Fotheringay was a short-lived British folk rock group, formed in 1970 by singer-songwriter and musician Sandy Denny on her departure from Fairport Convention. The band drew its name from her 1968 composition "Fotheringay" about Fotheringhay Castle, in which Mary, Queen of Scots had been imprisoned. The song originally appeared on the 1969 Fairport Convention album, What We Did on Our Holidays, Denny's first album with that group. The original Fotheringay released one self-titled album but disbanded at the start of 1971 as Denny embarked on a solo career. Forty-five years later, a new version of the band re-formed featuring the three original surviving members together with other musicians, and toured in 2015 and 2016.

==Career==
Two former members of Eclection, guitarist Trevor Lucas and drummer Gerry Conway, and two former members of Poet and the One Man Band, Jerry Donahue (guitar) and Pat Donaldson (bass), completed the line-up responsible for what was intended to be the quintet's first album.

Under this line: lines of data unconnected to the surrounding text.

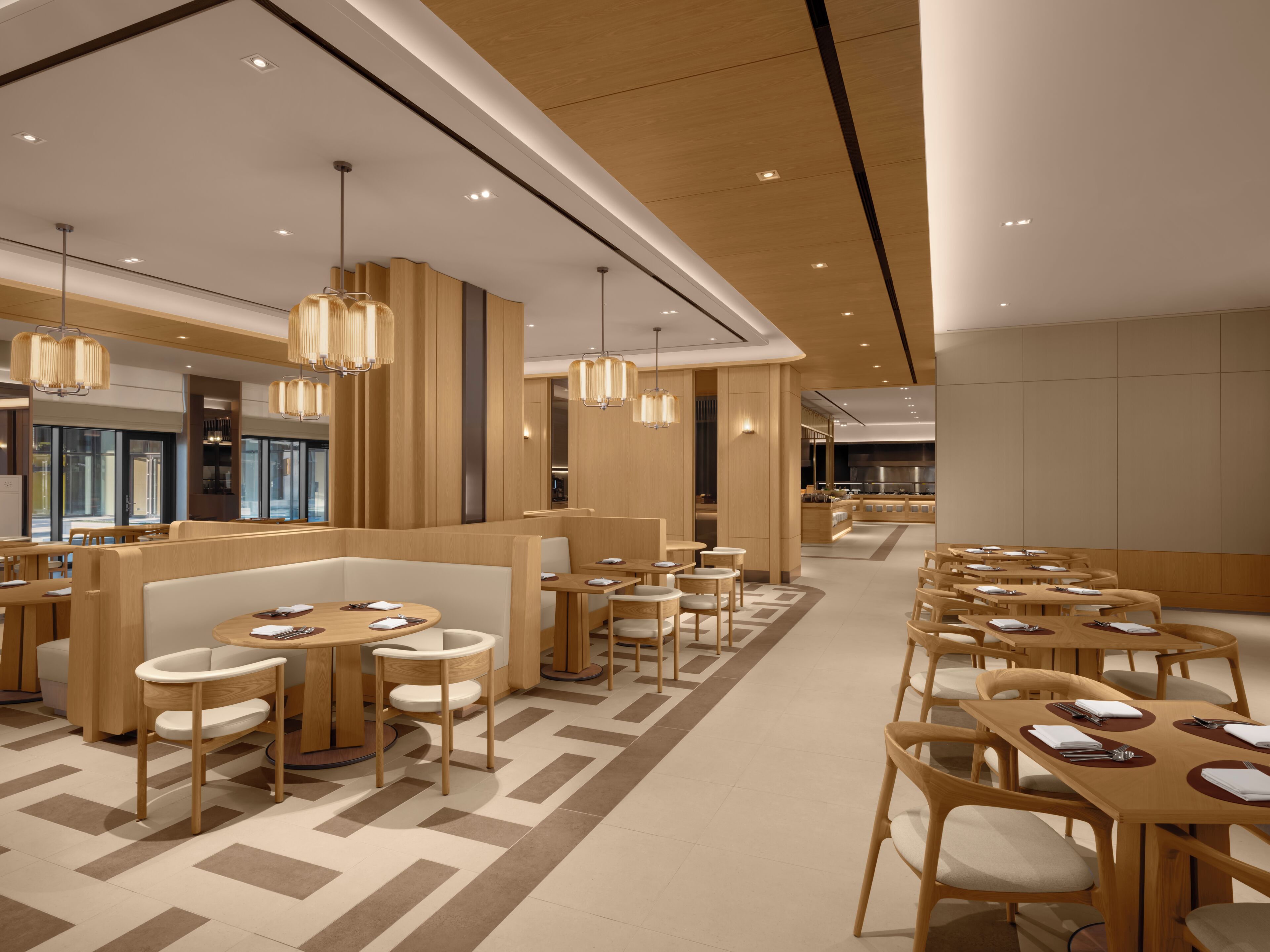 A modern restaurant with wooden furniture, pendant lighting, and a geometric floor pattern.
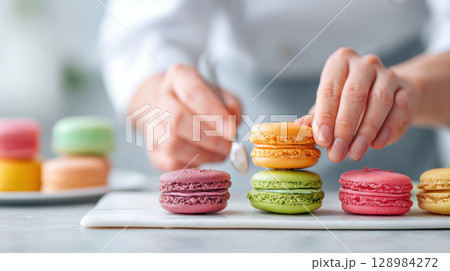 Person carefully stacking colorful macarons during dessert making process creating delightful and vibrant sweet treat arrangement 128984272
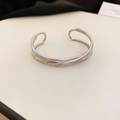 Close-up of polished silver wavy bangle with triple-strand overlapping design for women - Triple-Line Intertwined Style (4#) / Silver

This folk-based set included several Denny original compositions, notably "Nothing More", "The Sea" and "The Pond and The Stream", as well as versions of Gordon Lightfoot's "The Way I Feel" (#71 Canada) and Bob Dylan's "Too Much of Nothing". Though during the year of its original release the album featured in two of the UK's music papers' Top 20s (Melody Maker and NME), it did not meet commercial expectations, and pressures on Denny to undertake a solo career increased. She had been voted Britain's number 1 singer for two consecutive years in Melody Makers readers poll. The album peaked at No. 18 in the UK Albums Chart.

A special live performance by Fotheringay was recorded at Gruga-Halle in Essen, Germany, on 23 October 1970. The concert tapes were re-mastered by Fotheringay guitarist Jerry Donahue and the album released in 2011.

Fotheringay disbanded in January 1971 during sessions for a projected second album. The album remained unfinished after Denny announced that she was leaving the group and producer Joe Boyd left to take up a job at Warner Brothers in California. Denny would later blame Boyd's hostility towards the group for its demise.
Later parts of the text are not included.